[EXTRACTED INFORMATION Boundary: Start]
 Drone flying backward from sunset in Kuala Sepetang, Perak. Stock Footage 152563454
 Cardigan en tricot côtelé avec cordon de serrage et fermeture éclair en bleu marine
[EXTRACTED INFORMATION Boundary: End]
[EXTRACTED INFORMATION Boundary: Start]
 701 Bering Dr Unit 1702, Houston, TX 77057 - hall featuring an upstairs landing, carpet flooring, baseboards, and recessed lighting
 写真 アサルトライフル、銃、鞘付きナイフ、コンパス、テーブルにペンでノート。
[EXTRACTED INFORMATION Boundary: End]
## WHAT TO DO
Scan the entries above for the line containing "Drone flying backward", and copy it and all lines after it exactly, down to and including the line containing "Cardigan en tricot".

## PROBLEM SOLUTION
 Drone flying backward from sunset in Kuala Sepetang, Perak. Stock Footage 152563454
 Cardigan en tricot côtelé avec cordon de serrage et fermeture éclair en bleu marine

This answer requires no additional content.